At the moment, I'm asking myself the same question Su pondered in one of her posts: Why is that the people you love hurt you the most?
I've often regretted my decision to go to grad school without getting in a solid few years of working in the "real world." It wasn't something I wanted to pursue as a resume builder but it was the desire to experience independence - particularly economically. I hate that I must feel constantly dependent on others, burdening them while feeling guilty when they remind me of that dependence. This past year has made me crave freedom in a way I've never felt. Sometimes that craving drives me mad and makes me act stupidly, brazenly and immaturely. Yesterday was an example of me reaching such a boiling point; I'll spare the details since I don't have the energy to expound on it. Even my original feelings and thoughts about marriage have changed. I once viewed it as this stage that strips you of your identity. Considering my status now, though, it appears to be more liberating than suffocating. Of course that's all conditional on the person and the circumstances.
After 23 years of living, this is not where I envisioned my life. I imagine most people feel the same but in your own little world it still feels like you're the lonely peg trying to figure things out and when you think you've reached a breakthrough, something comes along to snatch it away; whether it be your own pride or someone else's insecurity.
Insecurities. I'm tired of feeling them and I'm tired of others projecting them. Most of my life has been lived timidly and I'm tired of it. I'm tired of being stifled. I'm tired of my foxhole. I'm tired and saddened by people you love trusting strangers rather than you. I'm tired of having to scratch at every wall to be heard. I'm tired of feeling apprehensive. I'm tired of lacking confidence and harboring a low self-esteem. I'm tired of walking on eggshells. I'm tired of my temper. I'm tired of being burned and burning others.
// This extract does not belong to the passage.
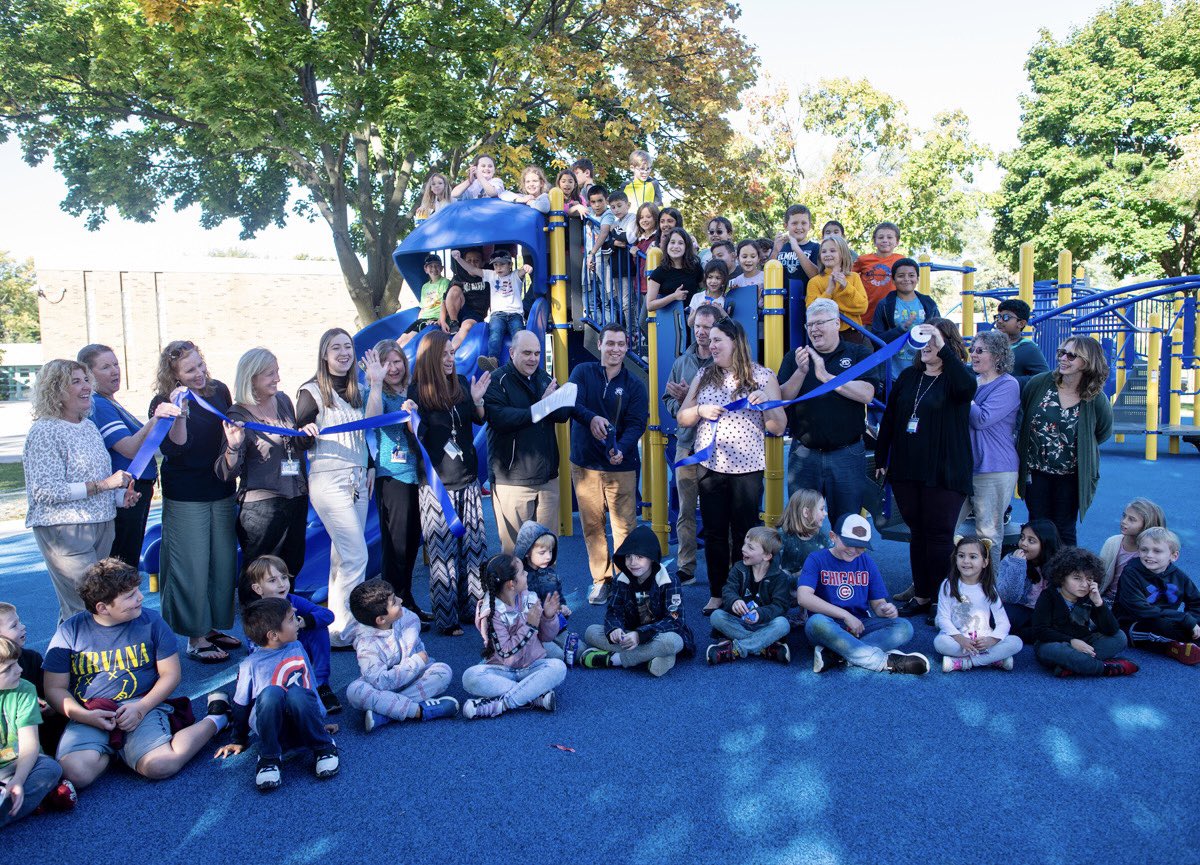 CCSD59's tweet photo. The Mt. Prospect Park District had partnered with our district to address the need for new playground equipment at Devonshire and Robert Frost Elementary. 

This week, the community came together for ribbon cutting ceremonies at both sites: https://t.co/C9eWhgGzmF https://t.co/Wuv3o57zkC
I'm tired of miscommunication and false dignity. I'm tired of repetition. Its 2am and I'm still tired, but not sleepy.
I often wonder where I would be had I led my life differently, had I led a double life like so many others I know - keeping secrets from their parents, doing God knows what, where and with whom, being superficial. Yet having not done those things, I am *illogically* the one to mistrust. Somehow I believe that had I engaged in those things, the me that would have been shaped by it all would be more accepted by family, by society. The ends would have justified the means.
I apologize for all this incoherent rambling. I couldn't sleep out of a smoldering rage so I figured venting via writing would help. I guess it has. Maybe. But this kind of stuff doesn't go away, does it?